Learning Paths » 5B Interacting
Manchester in A. Tocqueville and Coketown in C. Dickens
Both writers deal with the consequences of the Industrial Revolution on the population and the cities involved.
A. Tocqueville rights a description which belongs to "Journeys to England and Ireland", while C. Dickens rights a description taken from the novel "Hard Times". The first writer describes Manchester from geographical point of view in order to introduce the topic, then he examines the conditions of the city. In contrast, the second writer talks about Coketown, which is a fictional city, indeed it is in the mind a real industrialized town.
A. Tocqueville has a more detached attitude, indeed his work is a diary of travel; he criticizes the process of industrialization, and individualism, so he has a negative opinion because everyone thinks for himself, there was not indeed a balance within the city. For this reason, Manchester celebrates the power of individualism against the society, it is the place where individualism is focused. The industry was the first aspect, while the man was the second one.
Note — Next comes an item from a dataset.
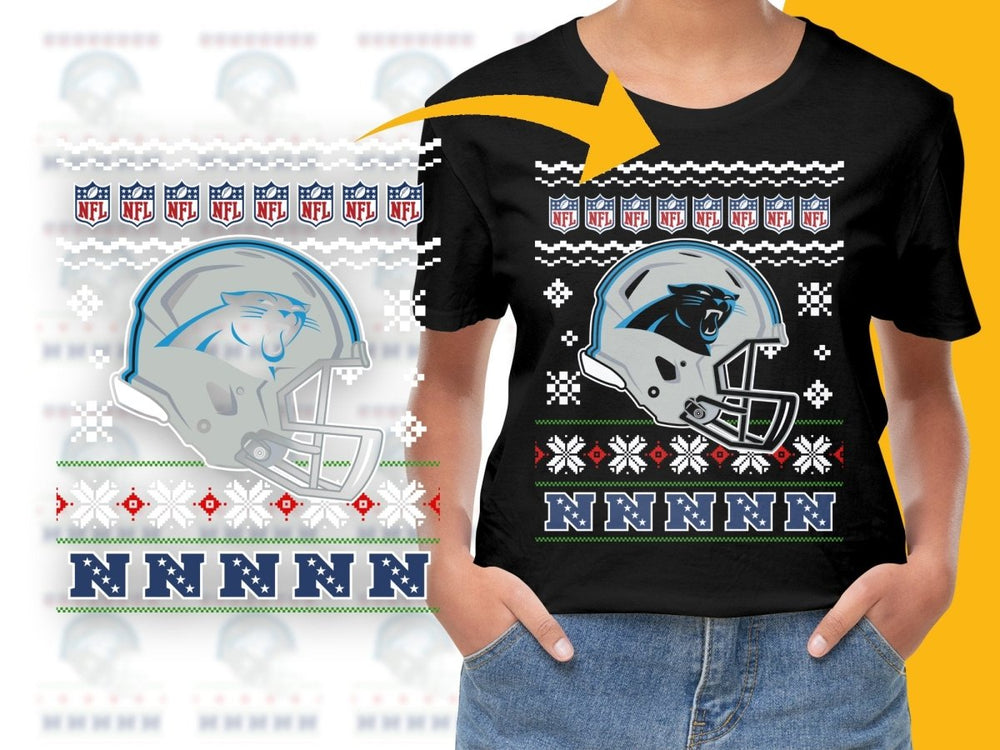 Carolina Panthers Helmet Christmas Sweater Design PNG File - Teepew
In "Hard Times" Coketown is the city of the imagination, indeed the writer wants to make the reader to able to imagine the setting. He focuses his attention on coke, because it has become more important during the Industrial Revolution. C. Dickens does not provide a thesis, he adopts the third personal intrused narrator and he appeals to sight, hearing, touch and smell to better describe the city. In addition, he adopts a bionary system and adds a symbolic meaning: for example, the black, which is a symbol of darkness, of hell, and the red, which is a symbol of blood, of suffering. Coketown is a town of red bricks, which suggest something of building and imply progress; there were unpaved roads, heaps of dung, stink, smoke, noises from the shriek of steam from boilers, from the looms and from the heavy carts, the sea was red because of the dye that went into the sea.